*** Information provided Section Begins ***

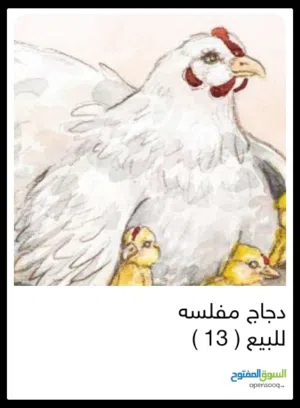 دجاجة امفلسة
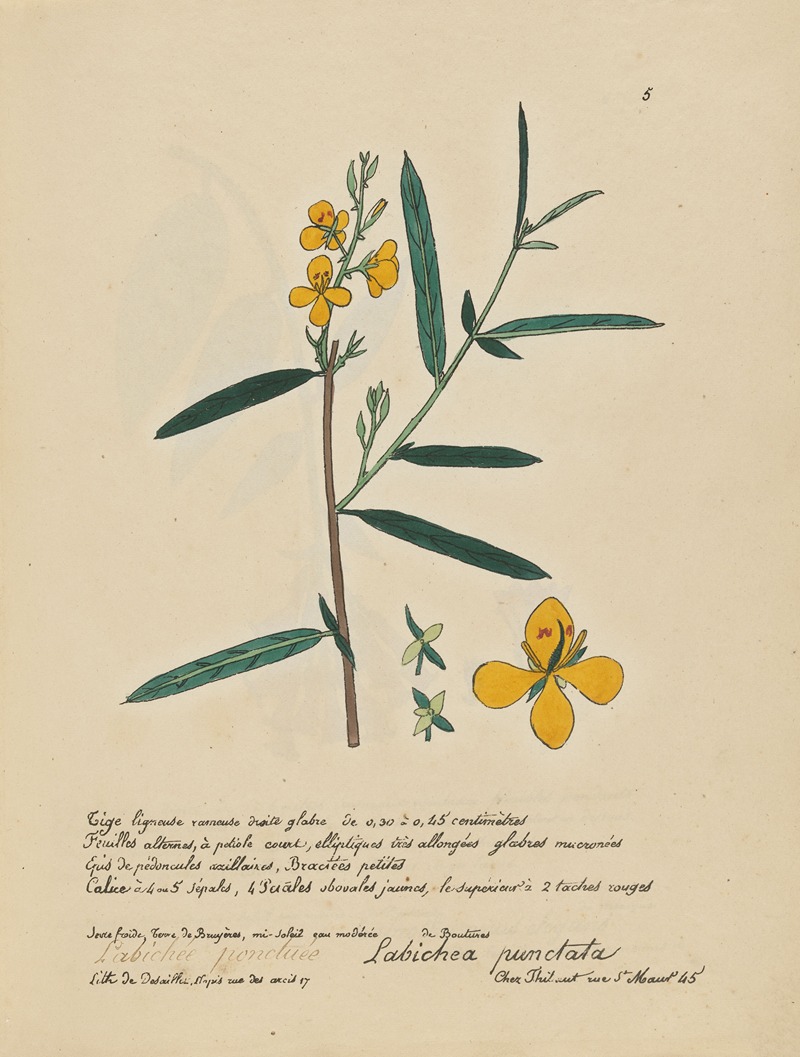 Labichea punctata by Jean Baptiste Louis Letellier, 1848-1849 — digital art print download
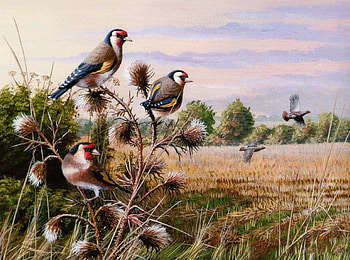 The Finches, finches, nature, birds, animals HD wallpaper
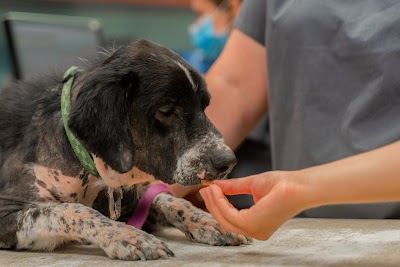 Harmony Animal Rescue Clinic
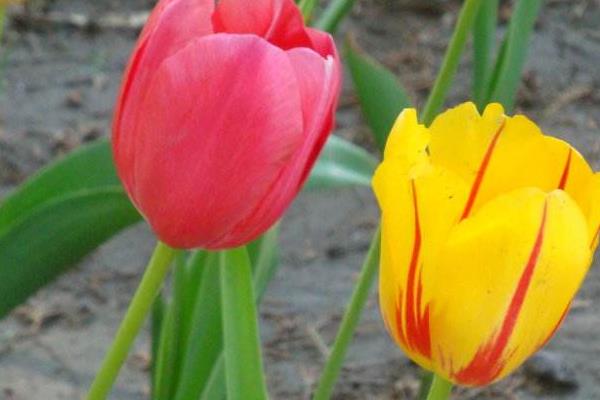 郁金香圖片大全 郁金香花語及寓意 郁金香有哪些品種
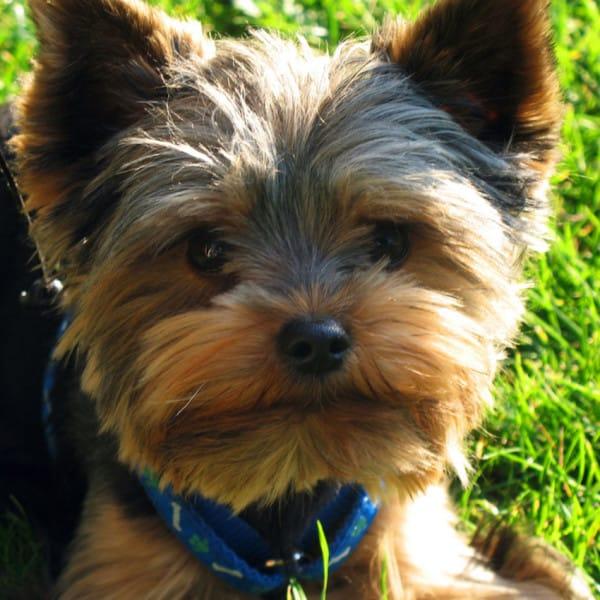 types of dogs that stay small forever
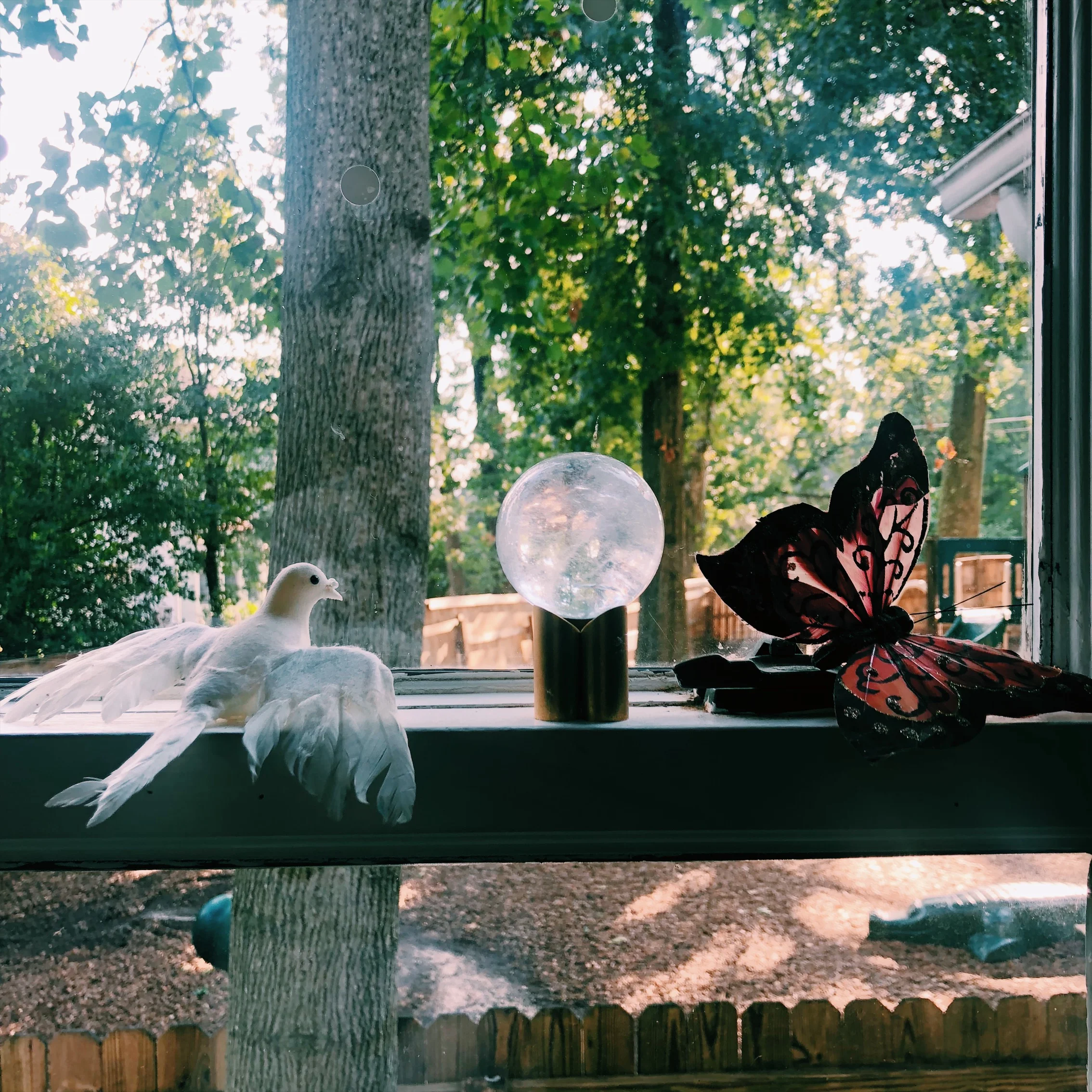 I Suggest Taking The Curriculum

*** Information provided Section Ends ***

| Exercise |
Lines from the one holding "types of dogs that stay small forever" to the end of the data, both ends included, are to be given again exactly; no pictures belong in the copy.

| Your solution |
 types of dogs that stay small forever
 I Suggest Taking The Curriculum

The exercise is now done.